The Sattras, also known as Vaishnava monasteries, have carefully nurtured and conserved this dance and theatre over the generations. Due to its religious and Sattras association, Sattriya adopted this dancing style. Sankardev ingeniously created the Sattriya Dance by amalgamating elements from various treaties, indigenous traditional dances, and his unique perspective. Prior to the neo-Vaishnava movement, Assam boasted two dance styles: Ojapali and Devadasi, which drew inspiration from several classical forms.

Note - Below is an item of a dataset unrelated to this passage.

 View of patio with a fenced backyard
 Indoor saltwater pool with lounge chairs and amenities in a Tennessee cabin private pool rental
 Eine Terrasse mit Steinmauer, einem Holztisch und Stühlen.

The Sattriya dance is a complex and beautiful art form that is governed by strict principles in respect of hastamudras, footworks, aharyas, music, and other components. It comprises three distinct elements - Nritta, Nritya, and Natya - that come together to create a mesmerizing performance.
This dance form can be divided into two categories - the Paurashik Bhangi, which is the masculine style, and the Stri Bhangi, which is the feminine style. Typically, Sattriya dance tells the stories of Krishna-Radha relations, or sometimes the tales of Ram-Sita. It is a genre of dance-drama that conveys mythical and religious stories through hand and facial expressions.
The basic dance unit of Sattriya is the Mati Akhara, and dancers learn foundational sets during their training. Akharas are subdivided into Ora, Saata, Jhalak, Sitika, Pak, Jap, Lon, and Khar. During a performance, dancers integrate two styles, one masculine and energetic, with jumps, and the other feminine and delicate. Sattriya was traditionally performed only by male monks in monasteries as part of their daily rituals or to mark special festivals on mythological themes.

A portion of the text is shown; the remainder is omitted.